Dix questions à Jacques FLAMENT
1-
Jacques, tu es l’un des rares éditeurs à oser publier des recueils de nouvelles.
En tant que lecteur, quel est le recueil de nouvelles qui t’a laissé le
souvenir le plus marquant ? (à part le mien évidemment - et en dehors des
autres auteurs JFE)
Question très difficile. Il y a beaucoup d’univers
d’écrivains totalement différents qui me passionnent. Tant dans les siècles
passés (Eekhoud, Lemonnier, Poe, Twain, Melville) que dans la période plus
contemporaine (Carver, Djian, Bukowski, Salinger, Fournel, Delerm, …). Mais
plutôt que de la nouvelle, je parlerai du texte court et dans ce domaine je
suis fan de deux auteurs particuliers : Jacques Sternberg, personnage
atypique à l’imagination débordante, et l’incontournable Christian Bobin, dont
les textes approchent la perfection. Un recueil : La part manquante, de Bobin justement, avec cette phrase en
exergue : « Ce n’est pas pour devenir écrivain qu’on écrit. C’est pour
rejoindre en silence cet amour qui manque à tout amour. » À méditer pour tous
les écrivains en devenir !
2- Laquelle de ces deux propositions correspond-t-elle le plus à ta
personnalité :
« Vivons heureux en attendant
la mort » (Pierre Desproges) ou « Vous n’avez aucune chance alors
saisissez-la » (Arthur Schopenhauer) ?
La deuxième me convient
parfaitement !
Les chants désespérés ne sont-ils
pas les chants les plus beaux ?
Et Dieu sait si la situation
actuelle se prête à l’aphorisme de Musset.

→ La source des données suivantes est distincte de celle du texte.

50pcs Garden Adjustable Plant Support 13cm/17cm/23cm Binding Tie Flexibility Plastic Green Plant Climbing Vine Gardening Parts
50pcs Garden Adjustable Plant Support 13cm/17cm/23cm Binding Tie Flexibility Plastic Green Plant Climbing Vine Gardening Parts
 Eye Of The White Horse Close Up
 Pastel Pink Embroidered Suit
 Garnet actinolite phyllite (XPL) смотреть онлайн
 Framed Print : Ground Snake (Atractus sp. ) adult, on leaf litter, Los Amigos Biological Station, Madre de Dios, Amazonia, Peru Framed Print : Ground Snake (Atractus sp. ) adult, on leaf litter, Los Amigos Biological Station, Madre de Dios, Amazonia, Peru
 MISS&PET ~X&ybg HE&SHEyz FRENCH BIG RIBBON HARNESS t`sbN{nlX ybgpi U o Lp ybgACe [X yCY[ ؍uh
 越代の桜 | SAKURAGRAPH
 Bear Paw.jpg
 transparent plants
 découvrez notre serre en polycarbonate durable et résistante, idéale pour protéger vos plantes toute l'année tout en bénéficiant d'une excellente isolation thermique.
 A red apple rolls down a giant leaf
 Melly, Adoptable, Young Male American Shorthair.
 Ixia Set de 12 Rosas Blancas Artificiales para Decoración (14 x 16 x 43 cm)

3- On parle volontiers des qualités requises pour devenir écrivain,
rarement de celles pour devenir éditeur. Quelles sont ces qualités selon toi ?
Pour en avoir côtoyé certains d’envergure et pour
pratiquer à présent l’activité quotidiennement à un niveau plus modeste, je
dirai qu’il faut faire une distinction entre les grands éditeurs et les petits
éditeurs, ce sont des métiers totalement différents, comme l’industrie et
l’artisanat peuvent l’être. Je ne parlerai que du petit éditeur puisque c’est
ainsi que je me définis. Les qualités principales, selon moi, sont : le
flair, l’envie, la persévérance, une solide carapace et une résistance à toute
épreuve, bref la capacité à pouvoir endosser le rôle d’homme-orchestre au
milieu des multiples tâches, pas toujours très gratifiantes. Etre éditeur est
un véritable sacerdoce, mais c’est toujours un petit miracle quand, de
centaines d’heures d’efforts, naît un objet qu’on appelle un livre. Quel que
soit son devenir et son succès !
4- Revenons aux manuscrits que tu reçois. Accordes-tu une importance aux
lettres qui accompagnent ces manuscrits ? (et si oui, à quelles
informations portes-tu intérêt ?)
Très peu. Ce qui m’importe, c’est de pouvoir recontacter
celui qui a enfanté le texte que je vais lire, s’il a réussi à m’emporter,
point ! Je ne suis pas là pour juger une lettre de motivation ou un CV. Il
faut par contre que l’auteur incite à pénétrer son manuscrit, les premiers mots
d’un roman ou d’une nouvelle doivent interpeller le lecteur, tout de
suite ! D’où l’importance de l’incipit.
Bref, pour employer une métaphore charcutière, un produit frais, appétissant,
au premier abord, mais peu importe l’emballage. Mais évidemment, il faut que
l’auteur tienne la distance. Beaucoup d’auteurs ont du talent dans les
starting-blocks mais se perdent très rapidement par un manque de travail, une
absence de plan, de repères.
5- Avoir un « CV » d’auteur – par exemple avoir déjà été publié
dans une autre maison ou collectionner les prix dans les concours de nouvelles
– est-ce un « plus » pour devenir auteur chez JFE ?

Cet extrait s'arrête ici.